Mais, par son caractère éminemment populaire, elle commença une ère nouvelle dans la série des révolutions et, par ses idées, elle fut le précurseur de la grande révolution sociale. Les massacres inouïs, lâches et féroces par lesquels la bourgeoisie a célébré sa chute, la vengeance ignoble que les bourreaux ont exercée pendant neuf ans sur leurs prisonniers, ces orgies de cannibales ont creusé entre la bourgeoisie et le prolétariat un abîme qui jamais ne sera comblé. Lors de la prochaine révolution, le peuple saura à qui il a à faire ; il saura ce qui l’attend s’il ne remporte pas une victoire décisive, et il agira en conséquence.

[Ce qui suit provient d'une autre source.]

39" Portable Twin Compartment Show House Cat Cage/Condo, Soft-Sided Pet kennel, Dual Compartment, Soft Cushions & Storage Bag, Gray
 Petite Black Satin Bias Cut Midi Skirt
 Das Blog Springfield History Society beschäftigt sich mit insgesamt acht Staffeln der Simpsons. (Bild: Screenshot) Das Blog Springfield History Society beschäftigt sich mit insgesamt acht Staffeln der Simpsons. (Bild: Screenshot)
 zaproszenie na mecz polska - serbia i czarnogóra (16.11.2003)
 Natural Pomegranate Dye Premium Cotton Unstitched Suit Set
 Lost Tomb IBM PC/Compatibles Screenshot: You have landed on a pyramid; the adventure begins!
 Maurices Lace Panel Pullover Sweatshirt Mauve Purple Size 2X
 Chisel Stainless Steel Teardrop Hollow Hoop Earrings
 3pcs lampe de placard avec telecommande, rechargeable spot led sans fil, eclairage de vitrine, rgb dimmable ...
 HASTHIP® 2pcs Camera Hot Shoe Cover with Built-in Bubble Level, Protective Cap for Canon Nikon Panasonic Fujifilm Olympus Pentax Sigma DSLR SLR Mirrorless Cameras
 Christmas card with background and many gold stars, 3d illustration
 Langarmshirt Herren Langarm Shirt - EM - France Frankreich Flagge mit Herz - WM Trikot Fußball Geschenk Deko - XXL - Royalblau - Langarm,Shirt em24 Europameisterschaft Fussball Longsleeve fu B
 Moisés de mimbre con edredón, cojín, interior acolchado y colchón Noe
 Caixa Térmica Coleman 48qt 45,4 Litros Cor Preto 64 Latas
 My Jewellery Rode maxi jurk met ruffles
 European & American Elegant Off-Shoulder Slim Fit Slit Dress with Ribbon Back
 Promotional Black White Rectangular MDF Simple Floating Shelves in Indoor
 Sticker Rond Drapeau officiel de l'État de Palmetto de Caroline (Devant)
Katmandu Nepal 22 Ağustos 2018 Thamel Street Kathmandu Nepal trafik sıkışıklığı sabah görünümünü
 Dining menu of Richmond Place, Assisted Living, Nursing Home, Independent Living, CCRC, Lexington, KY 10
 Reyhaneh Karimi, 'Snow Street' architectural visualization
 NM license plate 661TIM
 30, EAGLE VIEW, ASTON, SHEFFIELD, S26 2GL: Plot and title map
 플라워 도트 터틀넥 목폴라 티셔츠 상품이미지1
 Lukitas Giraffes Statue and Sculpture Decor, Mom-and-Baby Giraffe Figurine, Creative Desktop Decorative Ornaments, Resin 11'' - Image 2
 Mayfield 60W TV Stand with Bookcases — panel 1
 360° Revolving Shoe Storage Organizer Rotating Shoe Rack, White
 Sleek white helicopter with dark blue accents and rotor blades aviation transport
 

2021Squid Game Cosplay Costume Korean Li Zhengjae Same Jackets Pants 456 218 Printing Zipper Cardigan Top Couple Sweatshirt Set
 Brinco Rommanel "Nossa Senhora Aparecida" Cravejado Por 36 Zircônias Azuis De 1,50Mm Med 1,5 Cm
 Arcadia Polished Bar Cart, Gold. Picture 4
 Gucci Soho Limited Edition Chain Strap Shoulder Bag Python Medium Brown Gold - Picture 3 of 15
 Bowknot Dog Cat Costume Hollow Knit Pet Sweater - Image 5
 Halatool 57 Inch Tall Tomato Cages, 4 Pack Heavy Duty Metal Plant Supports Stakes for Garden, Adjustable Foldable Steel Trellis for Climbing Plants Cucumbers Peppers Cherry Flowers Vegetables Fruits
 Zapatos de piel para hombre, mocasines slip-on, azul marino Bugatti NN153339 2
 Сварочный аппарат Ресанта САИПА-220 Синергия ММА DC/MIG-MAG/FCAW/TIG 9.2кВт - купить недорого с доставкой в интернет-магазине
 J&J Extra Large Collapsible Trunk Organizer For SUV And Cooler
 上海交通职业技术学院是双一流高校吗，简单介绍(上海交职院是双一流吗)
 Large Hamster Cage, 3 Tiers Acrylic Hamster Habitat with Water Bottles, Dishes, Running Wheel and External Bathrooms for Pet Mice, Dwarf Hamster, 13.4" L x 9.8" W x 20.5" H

En effet nous savons maintenant que le jour où la France se hérissera de Communes insurgées, le peuple ne devra plus se donner de gouvernement et attendre de ce gouvernement l’initiative des mesures révolutionnaires. Après avoir donné un bon coup de balai aux parasites qui le rongent, il s’emparera lui-même de toute la richesse sociale, pour la mettre en commun, selon les principes du communisme anarchiste. Et lorsqu’il aura aboli complètement la propriété, le gouvernement et l’État, il se constituera librement selon les nécessités qui lui seront dictées par la vie elle-même. Brisant ses chaînes et renversant ses idoles, l’humanité marchera alors vers un meilleur avenir, ne connaissant plus ni maîtres ni esclaves, ne gardant de la vénération que pour les nobles martyrs qui ont payé de leur sang et de leurs souffrances ces premières tentatives d’émancipation, qui nous ont éclairés dans notre marche vers la conquête de la liberté.